Re: Le Tarot cultural association News 2017

#41
Latest publications of Andrea Vitali


A murder in Bologna in the seventeenth century
For debts to the Tarocchini game

Lorenzo Pignoria and the tarot - 1614
An eternal need for knowledge

The wisdom of the wise men
Tarot in "Il Lambertaccio" by Bartolomeo Bocchini

On the education of a Prince son
The three games to teach young dolphins: chess, sbaraglino and tarot

‘L’Epulone’ by Frugoni - 1645
Who does not have the Moon, the Sun and the World is a Tarot

A tarot in the form of a jester
As described in a work by Tommaso Buoni in 1605

The invention of the Cross - 1633
Where both friends are discovered to be tarocchi

The last three articles concern the meaning of Tarot as crazy.
Web page : http://letarot.it/page.aspx?id=23&lng=eng

Re: Le Tarot cultural association News 2017

#42
Please note that these essays are as yet in Italian only, with no immediate plans for translation. Also, regarding
On the education of a Prince son
The three games to teach young dolphins: chess, sbaraglino and tarot
while Italian literature is imaginative, the work quoted here does not imagine teaching chess, etc., to dolphins (although why not?). In Italian "delfino" means both "dolphin" and "heir apparent", borrowing, I think, from the French "dauphin".

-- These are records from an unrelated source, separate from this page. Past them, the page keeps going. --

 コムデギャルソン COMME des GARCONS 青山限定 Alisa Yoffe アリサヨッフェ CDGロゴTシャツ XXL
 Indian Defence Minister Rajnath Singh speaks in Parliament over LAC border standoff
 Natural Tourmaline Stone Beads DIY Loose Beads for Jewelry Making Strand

Re: Le Tarot cultural association News 2017

#43
mikeh wrote:
05 Jan 2018, 14:14
Please note that these essays are as yet in Italian only, with no immediate plans for translation. Also, regarding
On the education of a Prince son
The three games to teach young dolphins: chess, sbaraglino and tarot
while Italian literature is imaginative, the work quoted here does not imagine teaching chess, etc., to dolphins (although why not?). In Italian "delfino" means both "dolphin" and "heir apparent", borrowing, I think, from the French "dauphin".
In French indeed dauphin as it is written or pronounciated has these two significations :
- dauphin = dolphin
- dauphin = "royal" heir

Btw, this 'bivalence" was one of the interrogations about the Dolphin = Dauphin? of the Goldschmidt luxury hand painted remaining cards
Image
Web page : http://letarot.it/page.aspx?id=23&lng=eng

Re: Le Tarot cultural association News 2017

#44
During his Christmas break from teaching, Andrea had time to work with me on improving the translation of his old iconological essays, as well as updating them in line with information that has come to light since and removing material that while interesting was not currently verifiable, at least by us. These essays were originally written some time ago.

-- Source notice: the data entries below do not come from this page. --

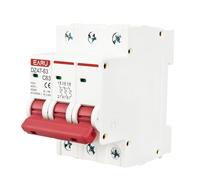 Disyuntor,Interruptor AutomáTico MagnetotéRmico Disyuntor Mini MCB Tipo C DZ47 De 1 A 4 Polos, 3, 6, 10, 16, 20, 32, 40, 50, 63, 400 V, Montaje En Riel DIN 35 Mm, Capacidad Corte KA(3,10A)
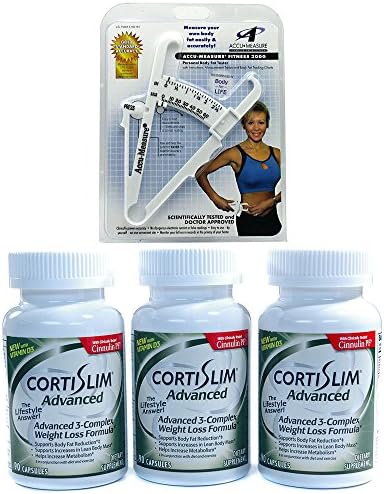 AccuFitness Accu-Measure Fitness 3000 1 ea and Cortislim Advanced Three Bottles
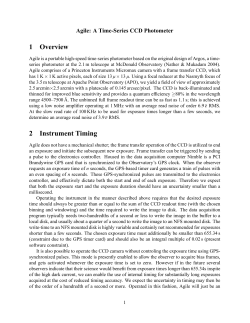 Characterization pdf - Apache Point Observatory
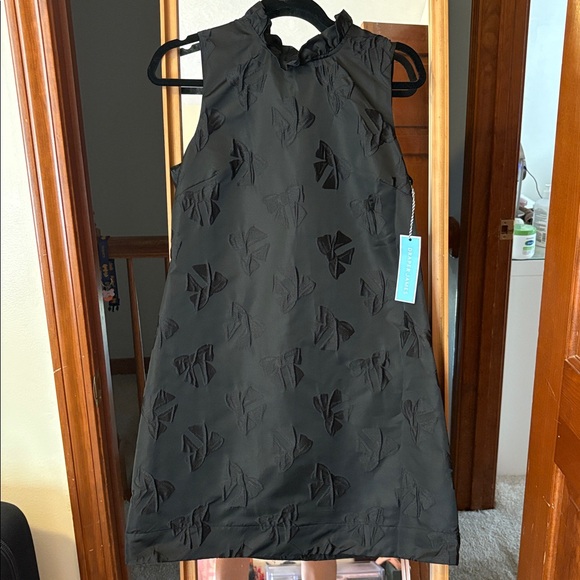 Draper James | Black Dress with Bow Accents - Picture 1 of 7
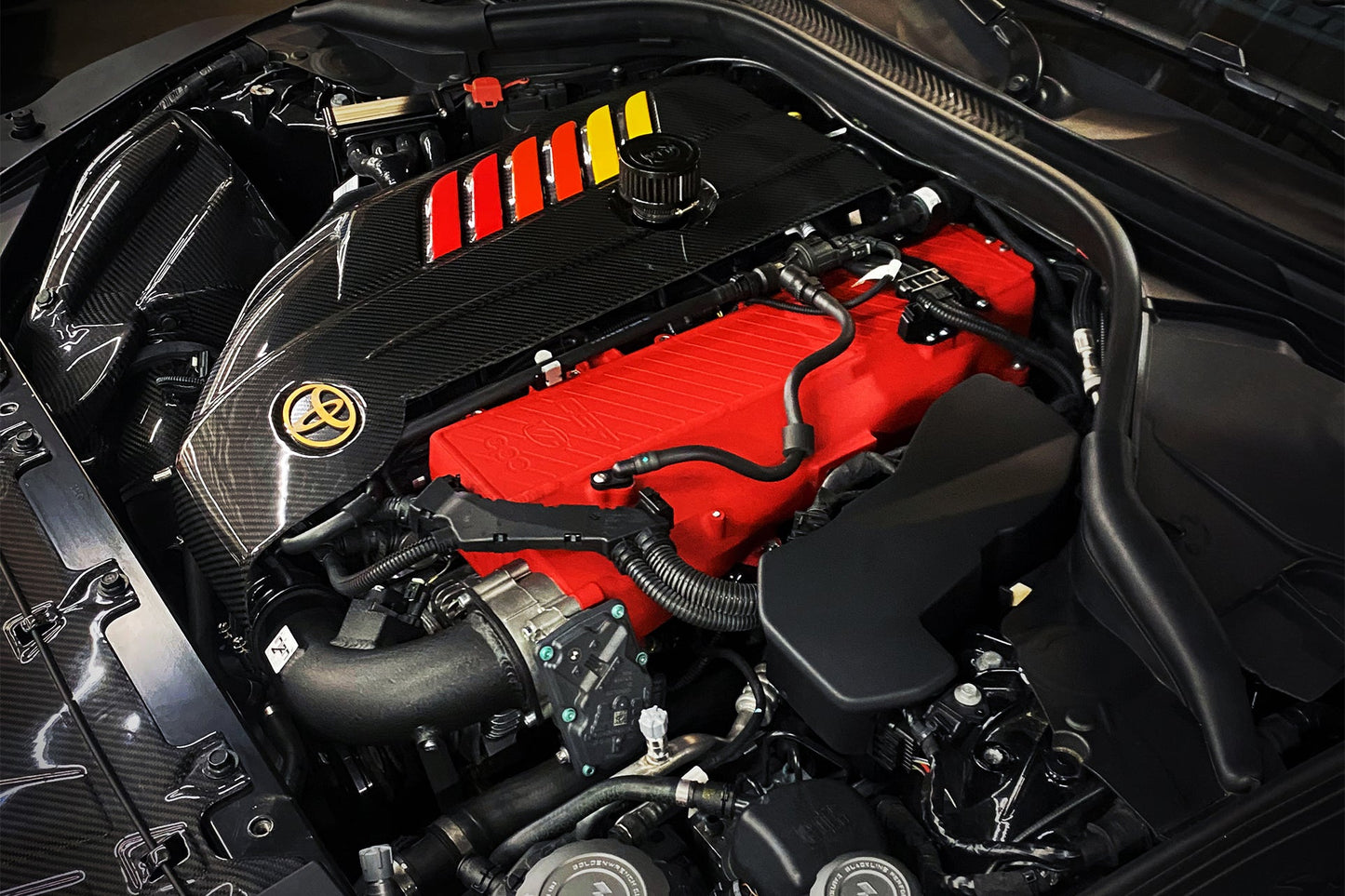 Toyota GR Supra A90/A91 19-21 / BMW G20/G30/G14-16/G29 18-21 B58 Charge Air Cooler Manifold One Stage Finish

We managed to get through eight of them, all of Popess through Hermit (although there are some slight revisions yet to be inserted into Justice). When Andrea has more time we will continue.

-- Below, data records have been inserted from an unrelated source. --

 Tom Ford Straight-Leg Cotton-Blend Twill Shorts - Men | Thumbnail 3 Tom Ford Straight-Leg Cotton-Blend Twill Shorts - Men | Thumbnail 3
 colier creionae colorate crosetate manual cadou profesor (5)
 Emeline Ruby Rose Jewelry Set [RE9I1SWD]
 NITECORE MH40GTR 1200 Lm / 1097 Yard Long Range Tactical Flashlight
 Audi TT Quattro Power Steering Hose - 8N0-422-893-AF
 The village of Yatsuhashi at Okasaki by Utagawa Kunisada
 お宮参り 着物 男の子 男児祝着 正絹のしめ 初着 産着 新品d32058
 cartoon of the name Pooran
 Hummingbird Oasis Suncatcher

I personally hope that the old versions will continue to be available on trionfi.com, as we might have removed material that is still of value. They just occasionally have what seems to be outdated information, or arguments that could be stated or organized more effectively. And their English versions are rather awkward and sometimes unreliable. For quotes from common Christian sources, for example, I have inserted standard English translations from the Latin instead of trying to translate Andrea's Italian translations from the same source. In general they are better than anything I could hope to come up with. In other cases there are the usual interchanges between us until we get something that seems right to both of us.

April 2018 additions to "The Prince"

#46
Andrea has made some important additions to his essay "The Prince", which of course is about the origination of the tarot in Bologna by Prince Fibbia, now translated at http://www.letarot.it/page.aspx?id=107&lng=ENG.

One is a quote from Dummett's Il Mondo e l'Angelo to the effect that even though the wording on the painting says "tarocchino", a late shortened deck of tarocchi (removing some number cards), the writer of the statement on the painting might not have known that, and called it "tarocchino" because he did not realize there was a distinction between the two. It is the quote in the text referenced by footnote 21. You can see the quote in context, both English and Italian, at viewtopic.php?f=11&t=1019&p=15162. (To get to the Italian quote quickly in that long post of mine, find "avuto qualcosa"; for the English, "had something".)

The other addition is in footnote 27, where he cites a 1754 book quoting from a 1677 book attesting that the game of tarocchi (not tarocchini) was invented in Bologna. Also, what he has in mind is clearly not the version with four "papi" because he refers to the Pope card, singular as an improper subject in the deck. He dates the "invention" in Bologna to "the time when the Bentivoglio exercised princely power". If taken literally, that would be no earlier than 1442, the first year the Bentivoglio exercised more than brief supremacy in the city. We know that a game called "trionfi" existed elsewhere before 1442. But perhaps he is thinking of even occasional rule. Be sure to read what this source has to say.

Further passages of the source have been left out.